===== Data supplied
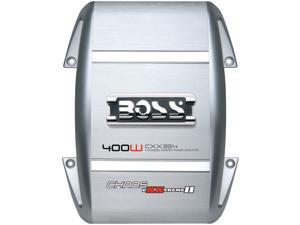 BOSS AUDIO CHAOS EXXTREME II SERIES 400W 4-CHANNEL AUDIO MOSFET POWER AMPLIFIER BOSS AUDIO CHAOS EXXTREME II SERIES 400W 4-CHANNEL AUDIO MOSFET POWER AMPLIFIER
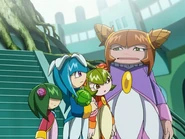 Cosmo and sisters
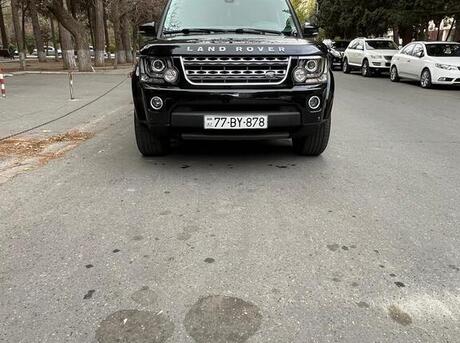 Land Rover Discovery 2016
==========
===== Data supplied
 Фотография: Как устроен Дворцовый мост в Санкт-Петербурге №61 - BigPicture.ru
==========
Print nothing but the lines above starting with the line that contains "POWER AMPLIFIER BOSS" and going on through the line that contains "Land Rover Discovery 2016". Leave out the pictures.

Result of the exercise
 BOSS AUDIO CHAOS EXXTREME II SERIES 400W 4-CHANNEL AUDIO MOSFET POWER AMPLIFIER BOSS AUDIO CHAOS EXXTREME II SERIES 400W 4-CHANNEL AUDIO MOSFET POWER AMPLIFIER
 Cosmo and sisters
 Land Rover Discovery 2016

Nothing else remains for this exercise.